Exercise instructions:
Return a faithful copy of all the entries, omitting the images.

Data supplied:
━━━━━━━━━━━━━━━━

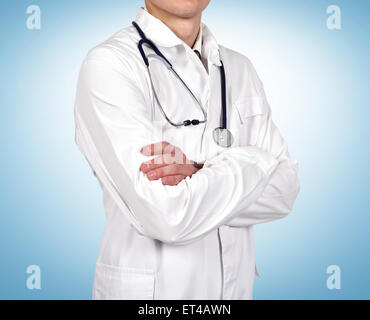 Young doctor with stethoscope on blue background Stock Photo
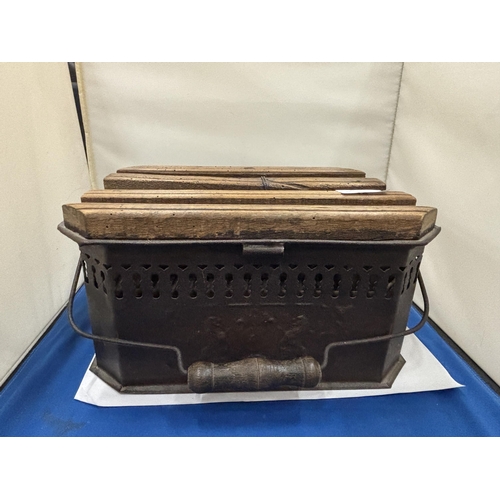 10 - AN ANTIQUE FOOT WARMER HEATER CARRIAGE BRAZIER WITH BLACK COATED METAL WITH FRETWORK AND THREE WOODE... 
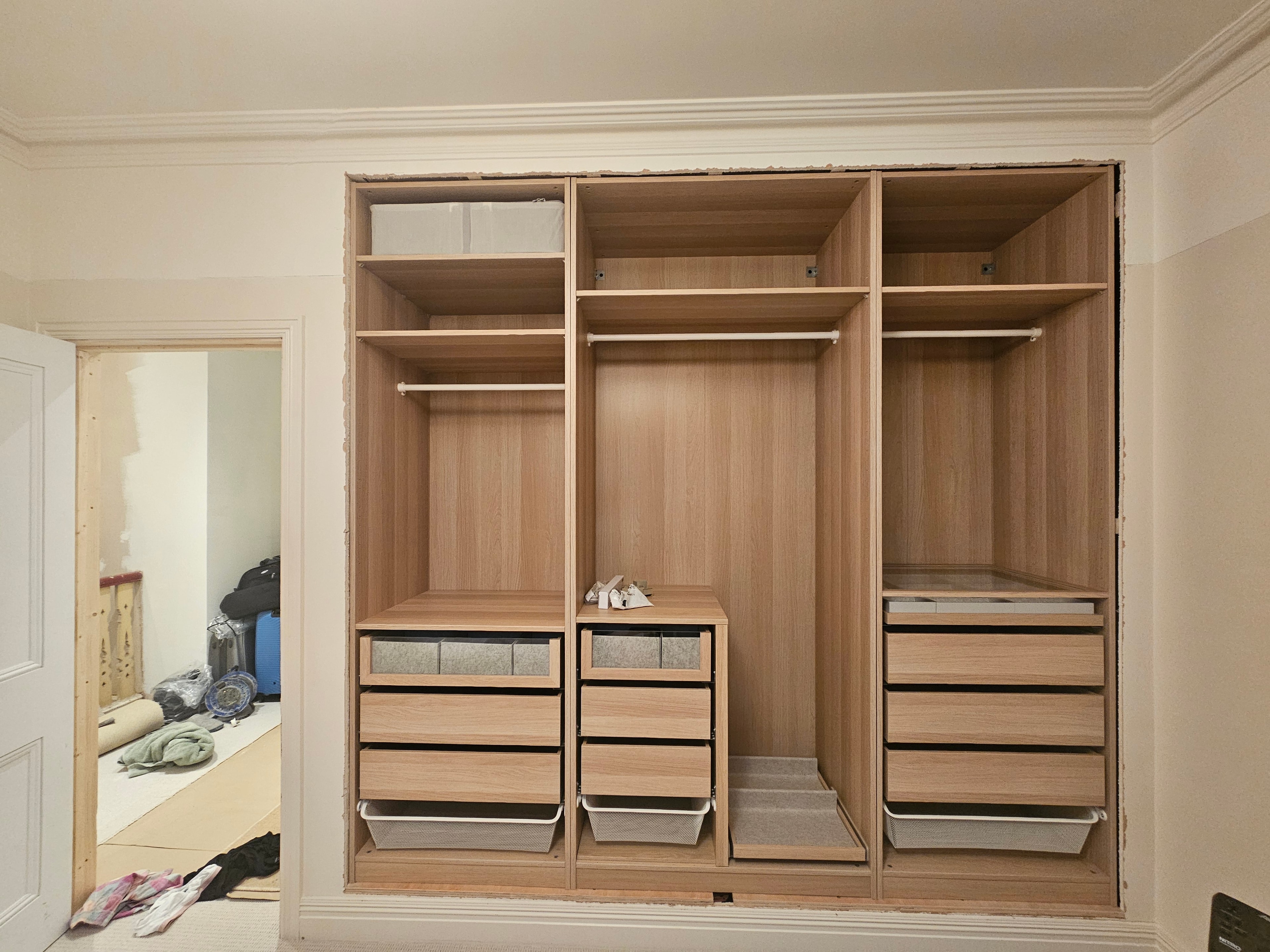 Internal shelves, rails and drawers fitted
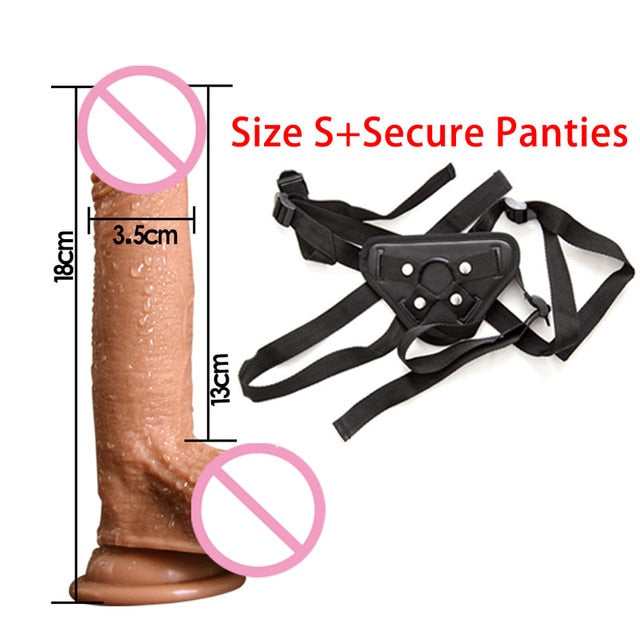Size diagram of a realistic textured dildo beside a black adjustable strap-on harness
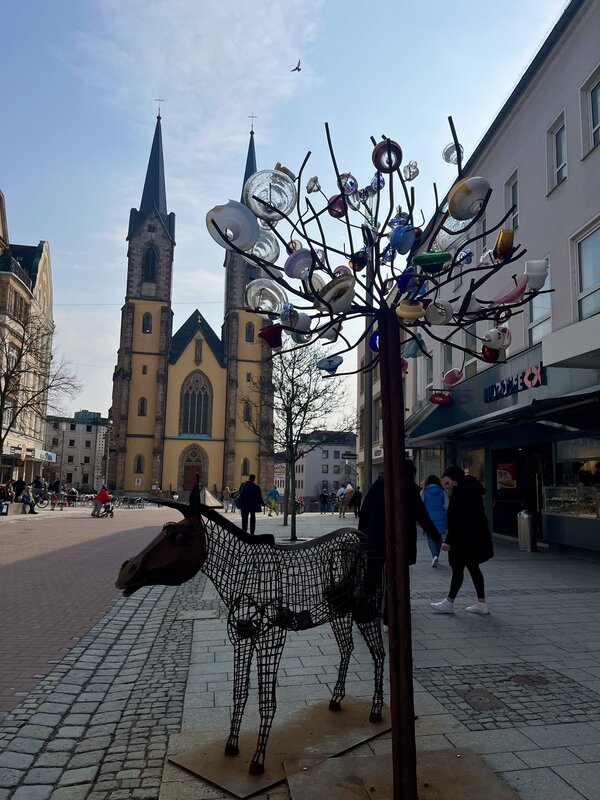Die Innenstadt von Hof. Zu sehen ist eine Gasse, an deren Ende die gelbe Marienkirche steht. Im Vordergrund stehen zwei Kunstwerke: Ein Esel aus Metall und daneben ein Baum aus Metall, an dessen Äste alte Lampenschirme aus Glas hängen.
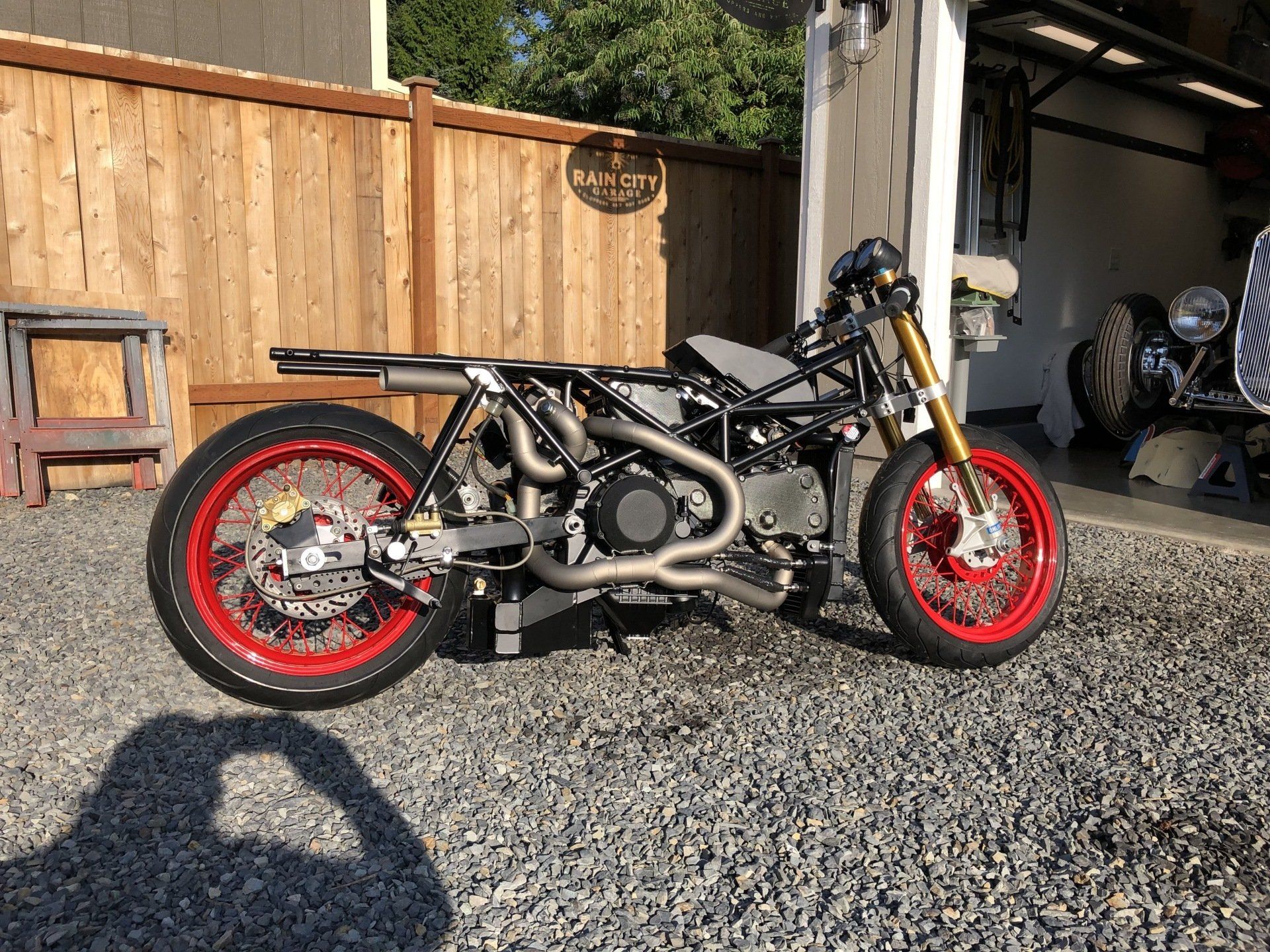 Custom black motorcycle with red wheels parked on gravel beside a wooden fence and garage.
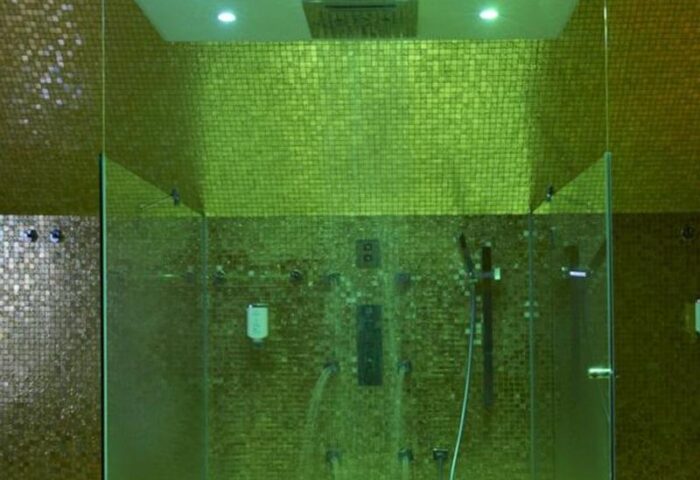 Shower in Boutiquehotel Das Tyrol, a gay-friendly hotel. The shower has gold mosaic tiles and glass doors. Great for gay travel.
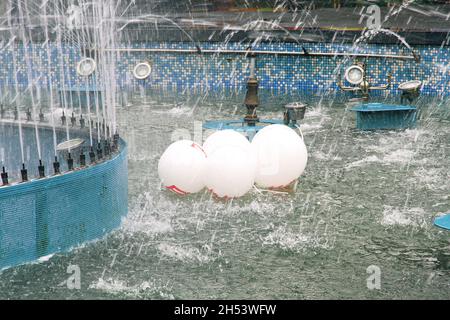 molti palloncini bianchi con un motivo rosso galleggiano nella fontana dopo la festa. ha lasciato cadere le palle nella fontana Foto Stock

━━━━━━━━━━━━━━━━

Reply to the exercise:
 Young doctor with stethoscope on blue background Stock Photo
 10 - AN ANTIQUE FOOT WARMER HEATER CARRIAGE BRAZIER WITH BLACK COATED METAL WITH FRETWORK AND THREE WOODE... 
 Internal shelves, rails and drawers fitted
Size diagram of a realistic textured dildo beside a black adjustable strap-on harness
Die Innenstadt von Hof. Zu sehen ist eine Gasse, an deren Ende die gelbe Marienkirche steht. Im Vordergrund stehen zwei Kunstwerke: Ein Esel aus Metall und daneben ein Baum aus Metall, an dessen Äste alte Lampenschirme aus Glas hängen.
 Custom black motorcycle with red wheels parked on gravel beside a wooden fence and garage.
 Shower in Boutiquehotel Das Tyrol, a gay-friendly hotel. The shower has gold mosaic tiles and glass doors. Great for gay travel.
 molti palloncini bianchi con un motivo rosso galleggiano nella fontana dopo la festa. ha lasciato cadere le palle nella fontana Foto Stock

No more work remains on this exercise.